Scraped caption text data
====================

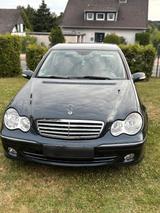 Mercedes-Benz Mercedes 220 cdi elegance - Mercedes-Benz CE 220 Gebrauchtwagen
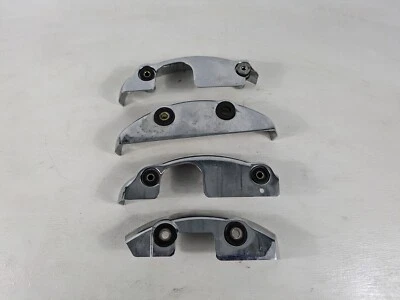 Cubiertas de válvula de ajuste de culata Suzuki Boulevard 800 M50 VZ800 2005-2009 Foto 1 de 4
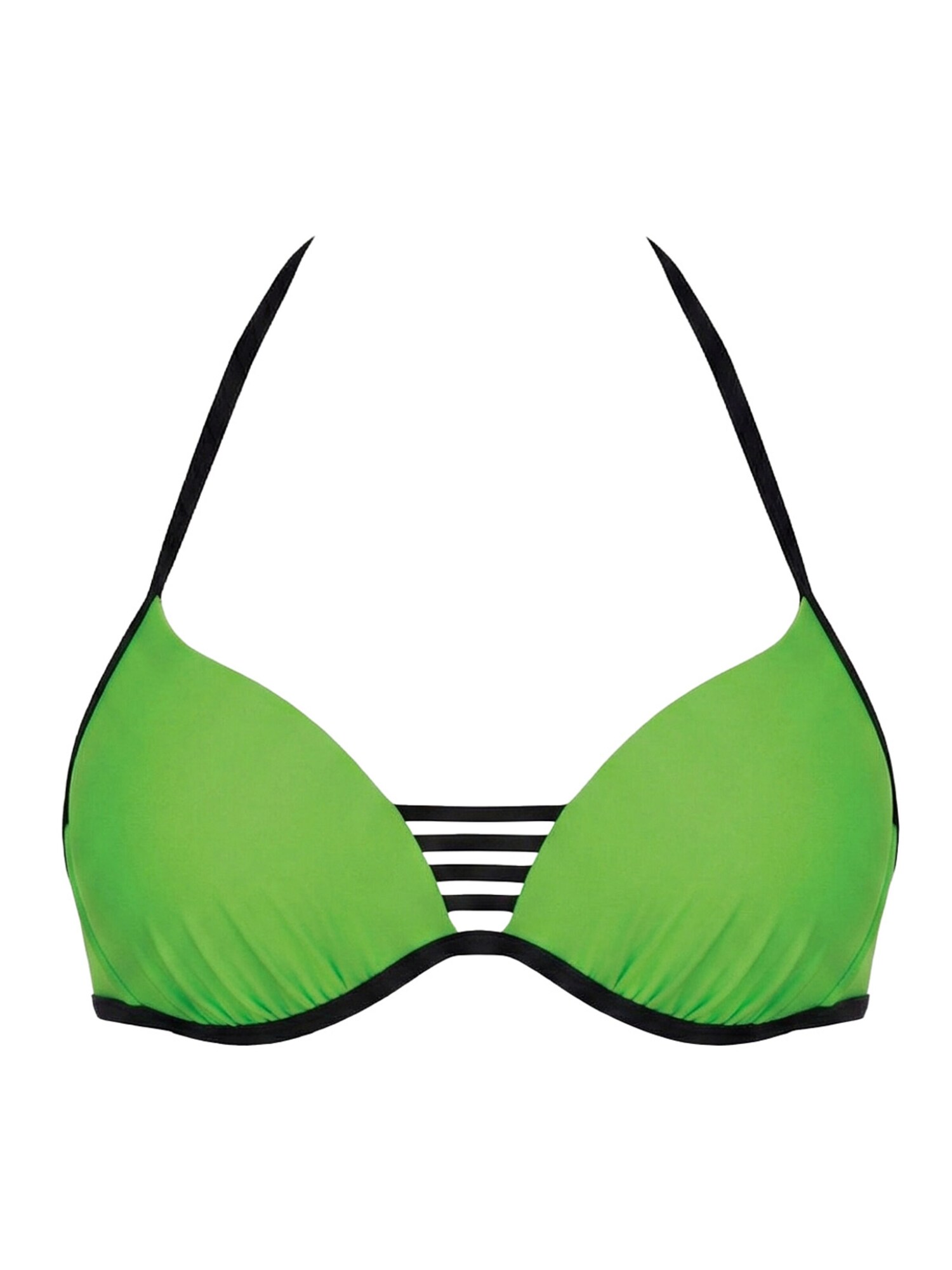 Marko Top de bikini 'Ellen M-820 (3)'  verde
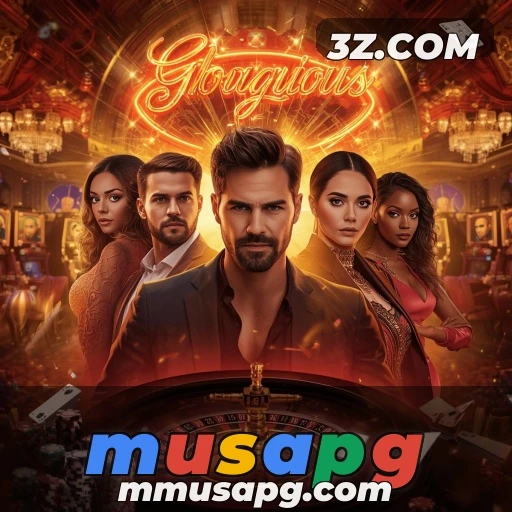 Apostas no Musapg: uma experiência envolvente e inovadora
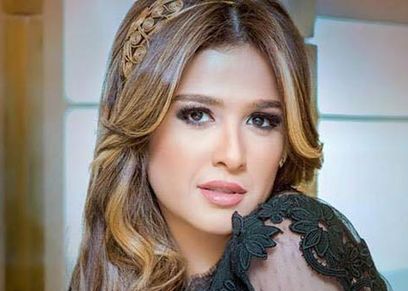 ياسمين عبدالعزيز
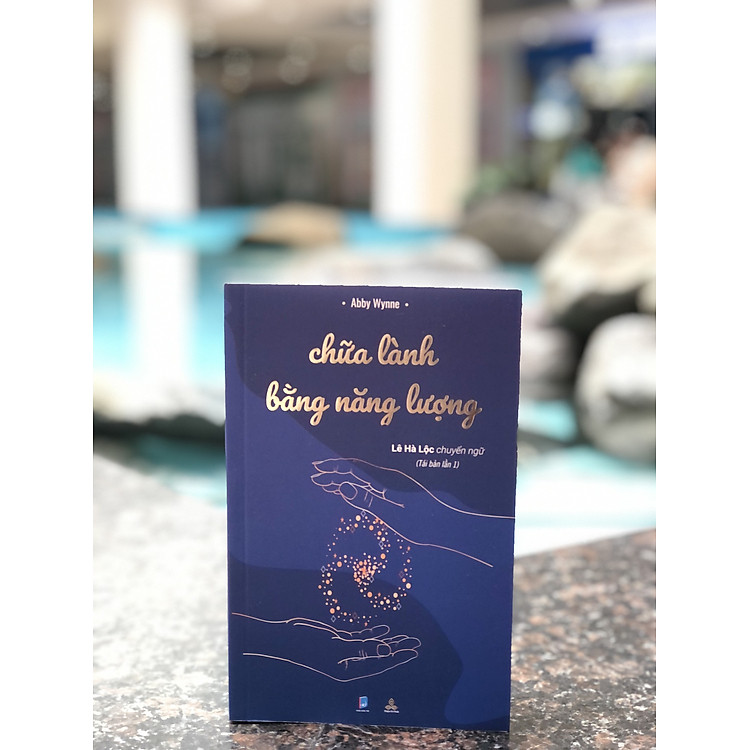 Chữa Lành Bằng Năng Lượng - Ảnh 3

====================

WHAT YOU ARE ASKED TO DO
Reproduce only the lines of the records from the start up to and including the line that holds "Marko Top de"; do not carry over any picture.

RESPONSE
 Mercedes-Benz Mercedes 220 cdi elegance - Mercedes-Benz CE 220 Gebrauchtwagen
 Cubiertas de válvula de ajuste de culata Suzuki Boulevard 800 M50 VZ800 2005-2009 Foto 1 de 4
 Marko Top de bikini 'Ellen M-820 (3)'  verde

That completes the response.